The vertices of a triangle are A (1, 4), B (2, 3) and C (1, 6). Find equations of Perpendicular bisectors of sides
Solution
Vertices of ΔABC are A(1, 4), B(2, 3) and C(1, 6)
∴ Slope of the perpendicular bisector of BC is `1/3` and the lines pass through `(3/2, 9/2)`.
∴ Equation of the perpendicular bisector of side BC is
`(y - 9/2) = 1/3(x - 3/2)`
∴ `(2y - 9)/2 = 1/3((2x - 3)/2)`
∴ 3(2y – 9) = (2x –3)
∴ 2x – 6y + 24 = 0
∴ x – 3y + 12 = 0
Since, both the points A and C have same x co-ordinates i.e. 1
∴ the points A and C lie on the line x = 1.
AC is parallel to Y-axis and therefore, the perpendicular bisector of side AC is parallel to X-axis.
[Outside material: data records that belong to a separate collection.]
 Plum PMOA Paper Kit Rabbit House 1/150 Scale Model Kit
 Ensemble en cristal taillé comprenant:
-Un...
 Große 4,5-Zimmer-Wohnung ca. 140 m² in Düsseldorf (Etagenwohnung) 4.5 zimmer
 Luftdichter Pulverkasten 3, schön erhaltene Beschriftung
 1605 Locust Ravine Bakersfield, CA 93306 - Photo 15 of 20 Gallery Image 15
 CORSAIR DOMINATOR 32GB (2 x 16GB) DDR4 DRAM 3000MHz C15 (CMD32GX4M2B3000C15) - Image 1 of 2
Since, the perpendicular bisector of side AC passes through E(1, 5).
∴ the equation of the perpendicular bisector of side AC is y = 5.
Slope of side AB = `((3 - 4)/(2 - 1))` = – 1
∴ The slope of the perpendicular bisector of AB is 1 and the line passes through `(3/2, 7/2)`.
∴ Equation of the perpendicular bisector of side AB is
`(y - 7/2) = 1(x - 3/2)`
∴ `(2y - 7)/2 = (2x - 3)/2`
∴ 2y – 7 = 2x – 3
∴ 2x – 2y + 4 = 0
∴ x – y + 2 = 0.